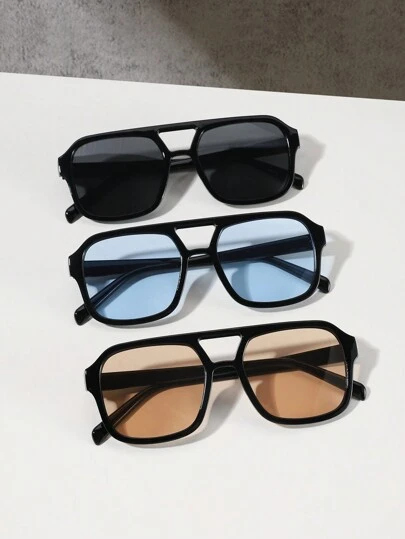 3 件青少年 12-16 岁亚克力休闲飞行员方形镜框时尚眼镜适合节日出游和节日礼物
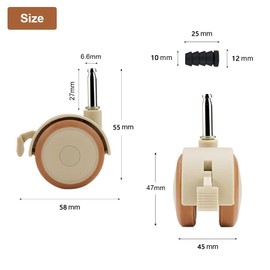 4 swivel castors with brake, 50 mm furniture castors, small hard floor castors
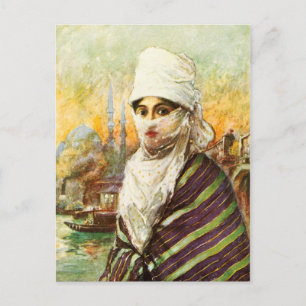 Carte Postale Dame turque en costume traditionnel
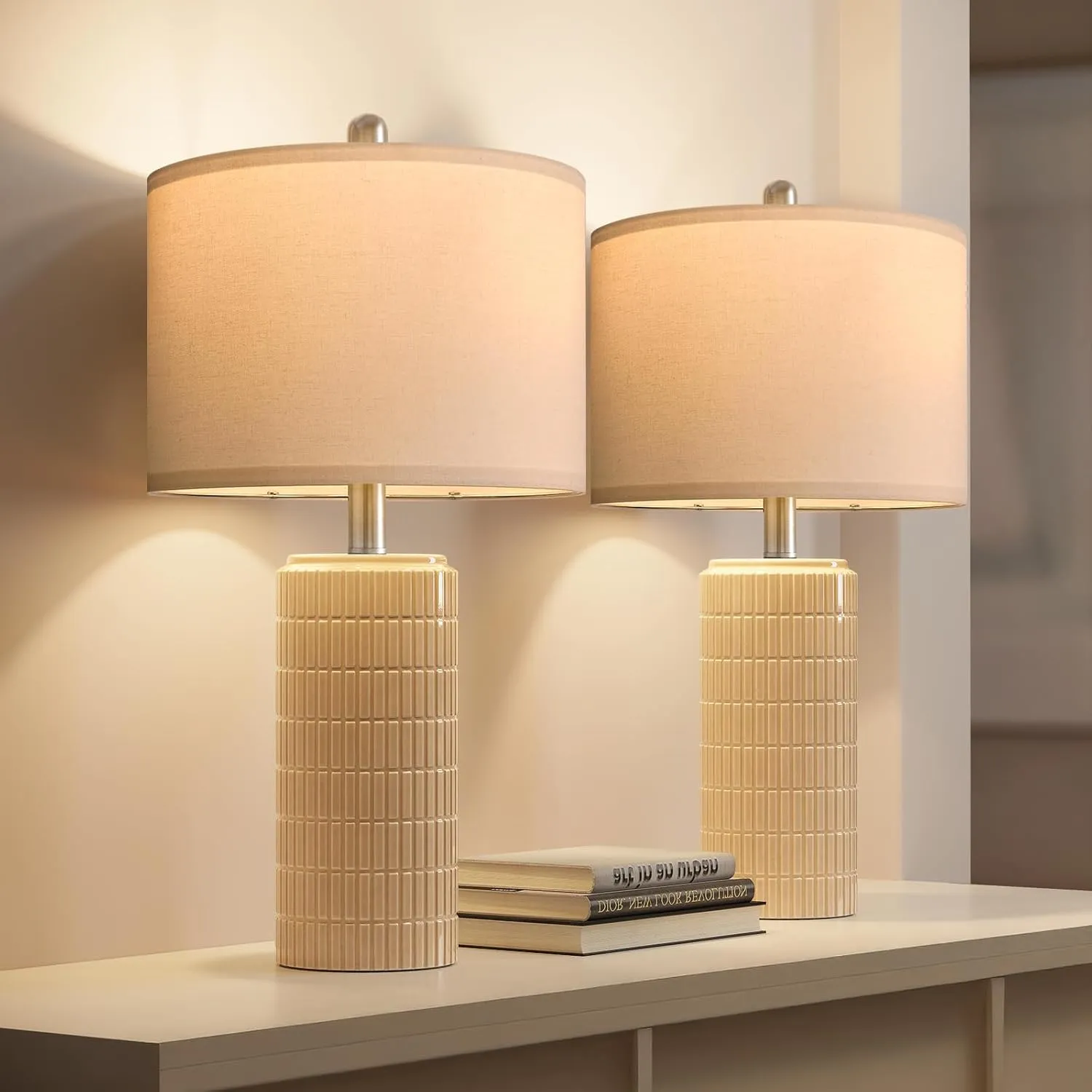 PoKat 23" Pink Ceramic Table Lamps Set of 2, Modern Bedroom Lamps for Girls Room, Bedside Lamps for Night Stands, Cute Lamps for Living Room Decor, Nightstands Desk Lamp, Pink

+--

Instructions to follow — Without any pictures, transcribe the listing above exactly as written.

Output below —
 3 件青少年 12-16 岁亚克力休闲飞行员方形镜框时尚眼镜适合节日出游和节日礼物
 4 swivel castors with brake, 50 mm furniture castors, small hard floor castors
 Carte Postale Dame turque en costume traditionnel
 PoKat 23" Pink Ceramic Table Lamps Set of 2, Modern Bedroom Lamps for Girls Room, Bedside Lamps for Night Stands, Cute Lamps for Living Room Decor, Nightstands Desk Lamp, Pink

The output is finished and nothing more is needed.